Что нам рассказывали о войне: Линор Горалик

Линор Горалик

Линор Горалик — писательница, художница, колумнистка. В эфире программы «Зустрічі» на «Общественном радио» говорим о воспоминаниях о переезде из Советской Украины в Израиль, о рифмах между опытами войны в Украине и в Израиле, а также о семейной памяти и том, что нам рассказывали о Второй мировой войне. Программа «Зустрічі» создана благодаря поддержке канадского благотворительного фонда «Ukrainian Jewish Encounter».

Ірина Славінська:  И начнем мы, наверное, вот с такого вопроса. Вы родом из Днепропетровска, теперь вы живете в Израиле, и, если я правильно понимаю, в Израиль вы приехали из Украины уже в таком, достаточно сознательном возрасте. Сколько вам было лет?

Линор Горалик:  В 1989 году мне было 14 лет.

Ірина Славінська:  Как это было?

Линор Горалик:  Очень странно. Ну, во-первых, надо учитывать, что мы уезжали не из Украины, а из Советской Украины. То есть, у родителей моих еще отнимали паспорта и нас всех лишили гражданства. Я сейчас уже, взрослым человеком, много думаю о том, что у моих родителей было несколько часов, когда они были лицами без гражданства, людьми, полагающимися на обещание другой страны, что с ними все будет в порядке. Я чувствовала это меньше, мне было 14, я страдала, разлука с друзьями, мы уезжали – это важно – мы уезжали навсегда. Мы некоторым образом умирали в другую страну.

Ірина Славінська:  Получается, из Союза нельзя было выехать на время.

Линор Горалик:  Абсолютно. Мы уезжали навсегда и расставались навсегда. Это было очень тяжело с одной стороны. С другой стороны, Израиль довольно поразительное место и это было захватывающе интересно, и мои главные впечатления первого времени были, конечно, визуальными. Он очень яркий.
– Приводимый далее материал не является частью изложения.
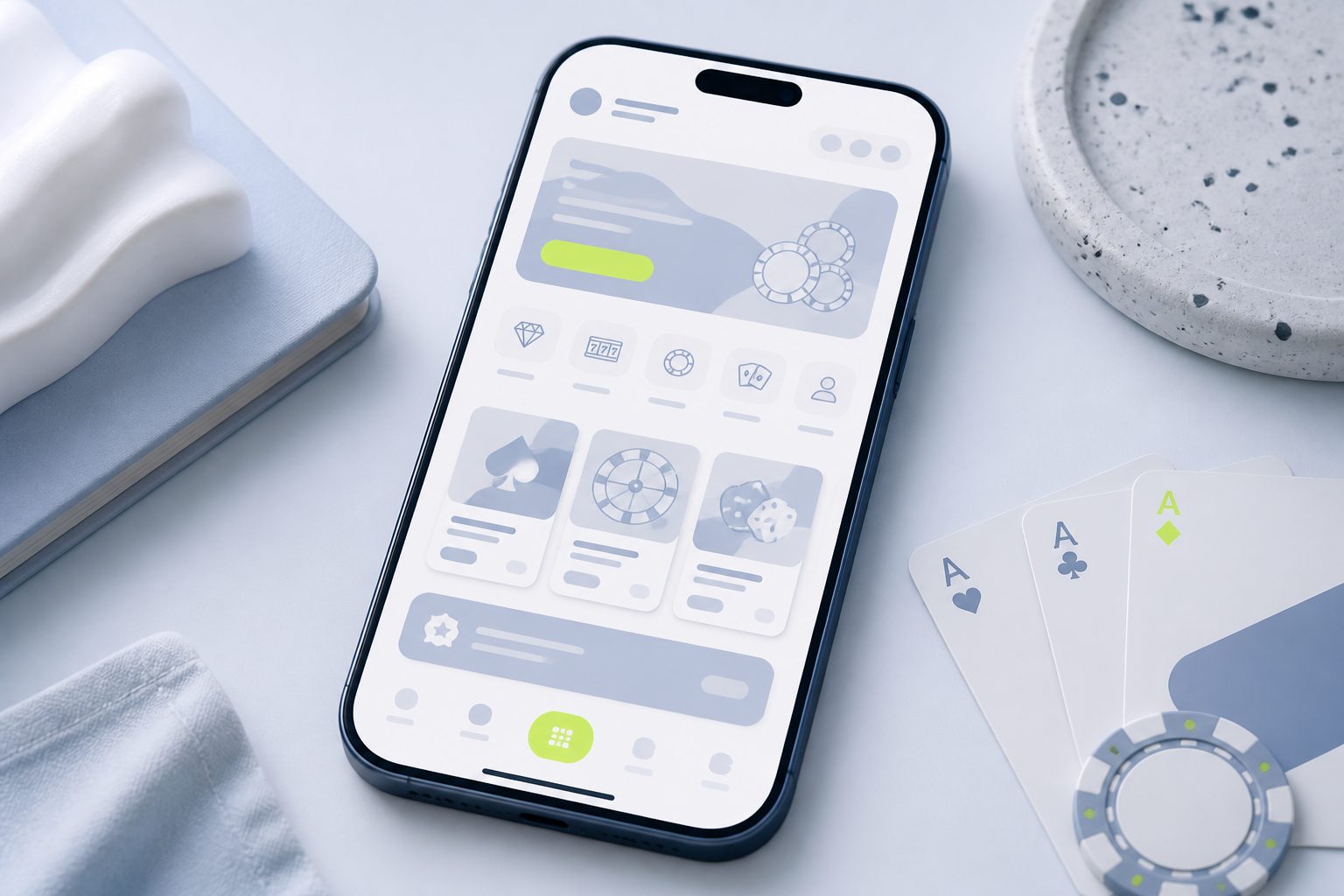 Smartphone showing a stylised casino lobby beside cards and a chip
Я думаю даже, что если бы мы приехали в худшую погоду – мы приехали в ноябре, но первые несколько дней были очень светлыми — нам было бы тяжелее. Но нет, это было как-то…

Ну, я до сих пор храню то чувство, огромное чувство благодарности, которое испытывает человек, получивший от некоторой страны, которая не должна ему ничего, гражданство и социальное страхование, не говоря уже о многом другом. Я до сих пор не понимаю, как это произошло, и у меня есть чувство чистой благодарности, чистого чуда.
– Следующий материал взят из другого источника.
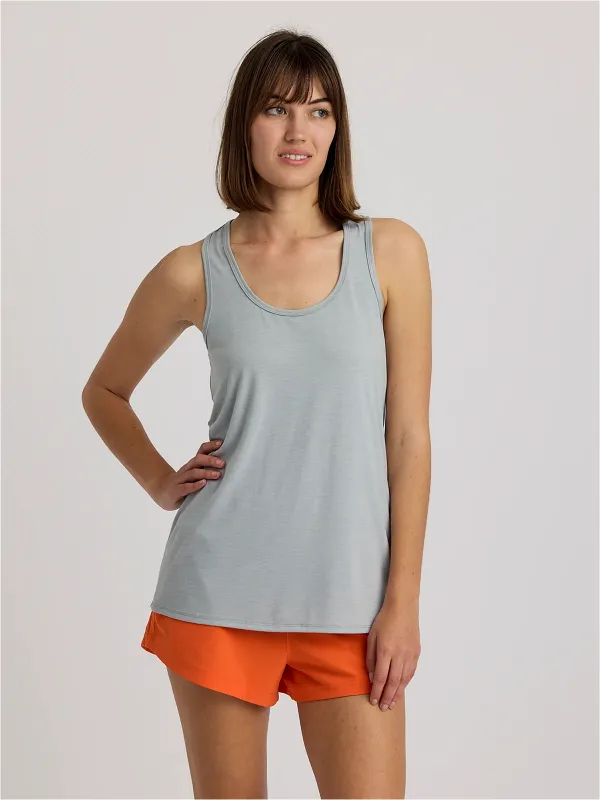 Women's Bamboo Motion Racerback Tank - Heather Aspen Grey sold by Free Fly Apparel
Ірина Славінська:  Здесь еще есть кроме чувств ряд, наверное, абсолютно бытовых ситуаций. Нужно учить новый язык, нужно ходить в новую школу, общаться с другими людьми, которые могут быть или эмигрантами, как вы, а могут быть уже более местными, которые могли быть уже рождены в Израиле того времени. Опять же, как эти бытовые ситуации выстраивались в вашей семье и для вас лично?

Линор Горалик:  Значит, моим родителям, как я сейчас понимаю, было очень тяжело, но об этом вправе говорить только они. Мне было гораздо легче. Значит, мы приехали в самом начале очень большой волны эмиграции. И за считанные дни выяснилось, что таких, как я, в том числе очень социально близких, что было важно на тот момент, очень много.

Первое время Израиль предоставляет тебе так называемые ульпаны – это место, где учат языку, и не только языку, а такой… объясняют, как страна устроена, бытовым вещам. И там мне немедленно были друзья. Я все равно ужасно страдала по оставленным друзьям – очень. Даже сейчас понимаю, что страдала. Но были друзья, была поддержка, начали приезжать друзья наши из Днепропетровска постепенно попозже нас, наша семья начала приезжать. Мне было сложно, но эти сложности терялись для меня в подростковом азарте новой жизни. Мне было хорошо.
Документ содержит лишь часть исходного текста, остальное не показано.